Block Bleedin' the G-Dubya Way
Any reasonable person would have to conclude that as Leaders of the Free World, BushCo. took a beating this year -- Social Security privatization is a failure of Ishtar-like proportions, GWB's approval rating is nearly as low as his IQ, Baghdad is still burning and Terry Schiavo is still dead. So it all sounded a little mewling and pathetic when the GOP faithful were crowing about their legislative victories this week.
But as Krugman points out, this is what they really care about:
Let's start with the energy bill. Even the bill's supporters barely pretend that it will do anything to reduce America's dependence on imported oil. It's simply an exercise in corporate welfare, full of subsidies and targeted tax breaks.And the truly humiliating part of the article? I'd heard that the "global war on terrorism" had been downgraded to the "global struggle against violent extremism," but was I asleep when they announced that this policy was henceforth to be known as "gee-save"? So they've got, like, some middle aged neocon wiggers writing Pentagon slogans now?
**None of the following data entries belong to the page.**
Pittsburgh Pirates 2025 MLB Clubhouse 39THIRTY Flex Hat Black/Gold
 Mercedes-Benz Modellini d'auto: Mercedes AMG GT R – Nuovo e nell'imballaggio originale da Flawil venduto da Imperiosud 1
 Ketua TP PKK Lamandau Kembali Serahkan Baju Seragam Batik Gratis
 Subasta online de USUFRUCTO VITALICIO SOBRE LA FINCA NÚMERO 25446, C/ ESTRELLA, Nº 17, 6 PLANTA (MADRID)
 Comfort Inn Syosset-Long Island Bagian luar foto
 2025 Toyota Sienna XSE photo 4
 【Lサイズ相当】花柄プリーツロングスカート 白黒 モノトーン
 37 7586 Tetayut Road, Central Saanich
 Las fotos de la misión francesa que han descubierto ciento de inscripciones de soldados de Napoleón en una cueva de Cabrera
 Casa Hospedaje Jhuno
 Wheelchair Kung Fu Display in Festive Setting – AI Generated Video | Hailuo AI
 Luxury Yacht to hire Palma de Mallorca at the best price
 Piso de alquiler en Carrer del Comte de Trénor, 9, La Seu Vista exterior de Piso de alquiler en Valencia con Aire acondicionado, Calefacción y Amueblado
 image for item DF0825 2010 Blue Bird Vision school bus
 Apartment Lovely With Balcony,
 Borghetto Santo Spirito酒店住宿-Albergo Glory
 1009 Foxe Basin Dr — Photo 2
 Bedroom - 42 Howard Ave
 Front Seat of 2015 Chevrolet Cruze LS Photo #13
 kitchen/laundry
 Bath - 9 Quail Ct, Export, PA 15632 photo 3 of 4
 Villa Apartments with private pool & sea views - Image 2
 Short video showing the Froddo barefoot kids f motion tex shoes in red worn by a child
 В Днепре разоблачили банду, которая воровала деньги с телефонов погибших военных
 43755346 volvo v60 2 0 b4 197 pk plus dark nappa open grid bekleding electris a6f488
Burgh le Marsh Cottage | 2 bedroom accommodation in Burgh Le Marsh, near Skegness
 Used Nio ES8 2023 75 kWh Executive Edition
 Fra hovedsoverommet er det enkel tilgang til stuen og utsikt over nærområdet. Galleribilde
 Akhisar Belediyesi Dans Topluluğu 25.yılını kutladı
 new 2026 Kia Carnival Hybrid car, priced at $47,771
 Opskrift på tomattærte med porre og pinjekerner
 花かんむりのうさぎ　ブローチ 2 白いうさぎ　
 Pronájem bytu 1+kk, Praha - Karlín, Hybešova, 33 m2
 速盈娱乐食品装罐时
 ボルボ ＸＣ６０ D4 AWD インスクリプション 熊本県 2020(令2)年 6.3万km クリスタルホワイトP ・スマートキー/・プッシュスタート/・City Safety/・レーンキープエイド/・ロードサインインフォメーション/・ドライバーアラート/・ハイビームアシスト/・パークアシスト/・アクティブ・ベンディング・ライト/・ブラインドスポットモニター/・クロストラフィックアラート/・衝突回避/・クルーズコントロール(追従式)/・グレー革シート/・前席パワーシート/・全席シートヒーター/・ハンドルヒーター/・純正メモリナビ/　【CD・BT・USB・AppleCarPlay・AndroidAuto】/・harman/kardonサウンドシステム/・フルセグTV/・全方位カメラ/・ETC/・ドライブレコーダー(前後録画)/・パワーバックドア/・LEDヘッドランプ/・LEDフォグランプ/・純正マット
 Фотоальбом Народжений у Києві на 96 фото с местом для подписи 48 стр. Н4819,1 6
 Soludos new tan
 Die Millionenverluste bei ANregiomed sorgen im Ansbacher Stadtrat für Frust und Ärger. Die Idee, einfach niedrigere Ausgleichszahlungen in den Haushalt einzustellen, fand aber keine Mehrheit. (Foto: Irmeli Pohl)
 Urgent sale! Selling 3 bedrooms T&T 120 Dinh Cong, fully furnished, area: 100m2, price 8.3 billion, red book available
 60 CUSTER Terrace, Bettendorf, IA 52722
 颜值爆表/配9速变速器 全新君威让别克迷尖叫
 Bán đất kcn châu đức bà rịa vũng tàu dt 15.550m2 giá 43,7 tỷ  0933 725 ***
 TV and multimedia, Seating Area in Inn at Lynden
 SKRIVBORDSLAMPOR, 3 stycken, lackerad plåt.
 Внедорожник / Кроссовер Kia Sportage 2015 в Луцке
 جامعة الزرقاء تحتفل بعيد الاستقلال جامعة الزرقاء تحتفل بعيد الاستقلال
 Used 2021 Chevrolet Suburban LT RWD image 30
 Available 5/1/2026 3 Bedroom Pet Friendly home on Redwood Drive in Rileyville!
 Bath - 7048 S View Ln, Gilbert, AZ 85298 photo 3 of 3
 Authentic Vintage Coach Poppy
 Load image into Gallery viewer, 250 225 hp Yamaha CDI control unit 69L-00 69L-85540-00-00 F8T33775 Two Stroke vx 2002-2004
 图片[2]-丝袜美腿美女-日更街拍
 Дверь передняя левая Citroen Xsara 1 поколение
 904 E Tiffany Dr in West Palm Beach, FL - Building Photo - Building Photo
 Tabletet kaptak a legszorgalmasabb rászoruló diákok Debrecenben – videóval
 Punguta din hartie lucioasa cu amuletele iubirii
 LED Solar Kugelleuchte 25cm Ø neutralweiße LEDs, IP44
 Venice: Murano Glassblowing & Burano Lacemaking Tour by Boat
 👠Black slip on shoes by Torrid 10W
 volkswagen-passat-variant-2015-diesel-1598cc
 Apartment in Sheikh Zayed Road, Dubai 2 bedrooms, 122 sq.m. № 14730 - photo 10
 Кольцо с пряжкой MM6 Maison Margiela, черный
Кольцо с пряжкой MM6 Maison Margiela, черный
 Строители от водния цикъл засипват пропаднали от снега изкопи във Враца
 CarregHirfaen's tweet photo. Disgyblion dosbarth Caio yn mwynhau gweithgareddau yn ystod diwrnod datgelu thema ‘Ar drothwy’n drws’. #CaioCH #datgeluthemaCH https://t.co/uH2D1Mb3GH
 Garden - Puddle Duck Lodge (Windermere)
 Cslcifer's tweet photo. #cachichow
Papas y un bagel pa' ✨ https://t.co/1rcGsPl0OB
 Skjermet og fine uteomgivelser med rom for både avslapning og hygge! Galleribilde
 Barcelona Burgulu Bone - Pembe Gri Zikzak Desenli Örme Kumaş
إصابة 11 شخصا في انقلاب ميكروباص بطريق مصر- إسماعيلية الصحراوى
Then there's the pork-stuffed highway bill. I guess we'll have to stop making fun of Japanese public works spending: now America, too, is building bridges to islands that have almost no inhabitants, but lie in the districts of influential legislators.
Finally, Cafta contains "free trade" in its title, but that's misleading. The administration rammed the bill through the House by, among other things, promising to limit imports of clothing from China; over all, the effect may well be to reduce, not increase, international trade. But pharmaceutical companies got measures that protect and extend their monopoly rights in Central America.
These bills don't have anything to do with governing, if governing means trying to achieve actual policy goals like energy independence or expanded trade. They're just machine politics at work, favors granted in return for favors received.
In fact, you can argue that the administration does a bad job at governing in part because its highest priority is always to reward its friends. Most notably, the Iraq venture would have had a better chance of succeeding if cronyism and corruption hadn't undermined reconstruction.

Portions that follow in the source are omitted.